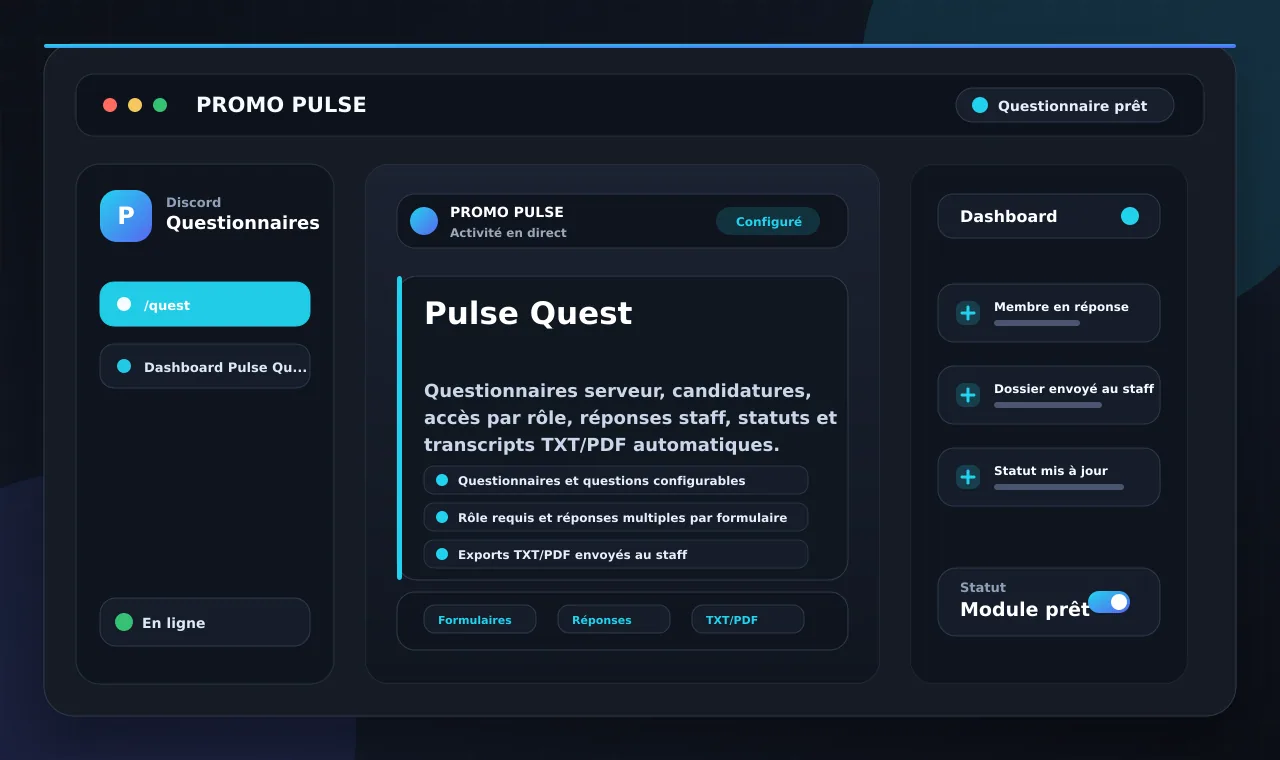 Pulse Quest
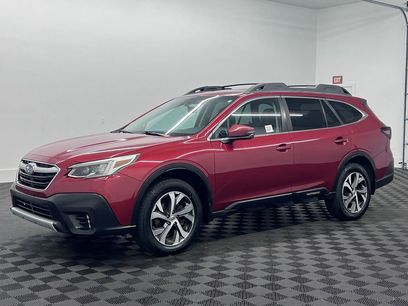 Used 2021 Subaru Outback Limited w/ Popular Package #2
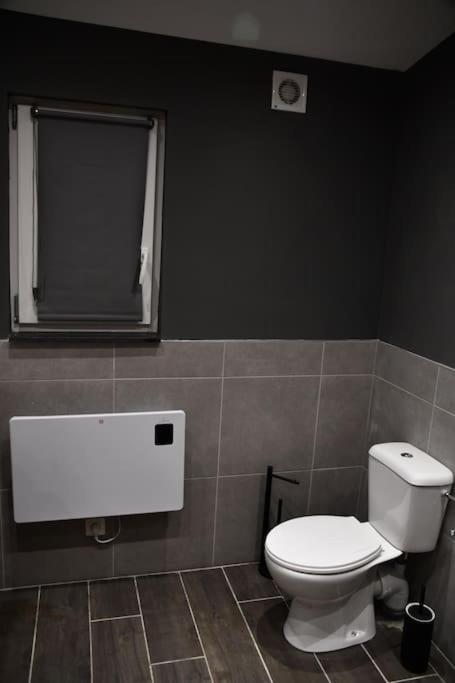Logement In Wood ブリュージュレット エクステリア 写真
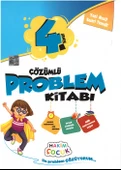 4.Sınıf Okuduğunu Anlama + Çözümlü Problem Kitabı thumbnail 5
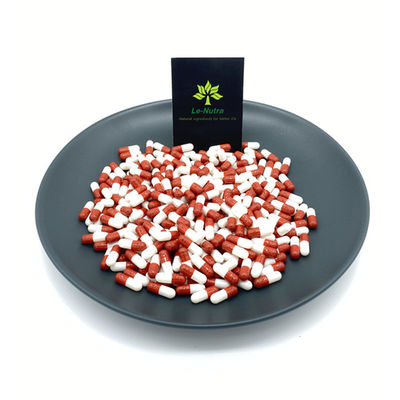 Empty Hard Capsules Customized gelatin_capsules Different Size Hard Empty Gelatin Capsules with Halal Certificate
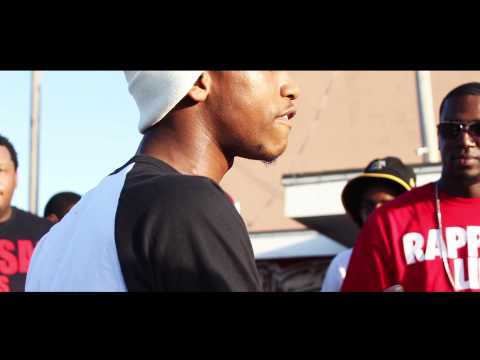 Young Mello vs Charlie Atlas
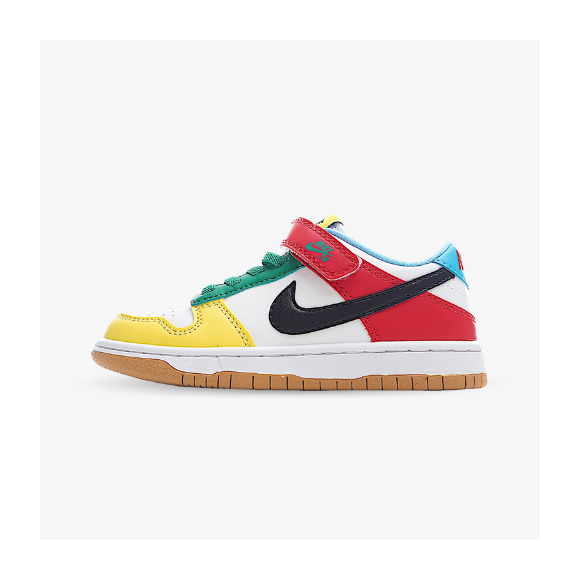 Nike Dunk Low Multicolor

» **WHAT TO DO**:
Exactly the lines from the one that contains "Used 2021 Subaru" through the final line of the records above are needed, given again word for word, with every picture left out.

» **YOUR RESPONSE**:
 Used 2021 Subaru Outback Limited w/ Popular Package #2
Logement In Wood ブリュージュレット エクステリア 写真
 4.Sınıf Okuduğunu Anlama + Çözümlü Problem Kitabı thumbnail 5
 Empty Hard Capsules Customized gelatin_capsules Different Size Hard Empty Gelatin Capsules with Halal Certificate
 Young Mello vs Charlie Atlas
 Nike Dunk Low Multicolor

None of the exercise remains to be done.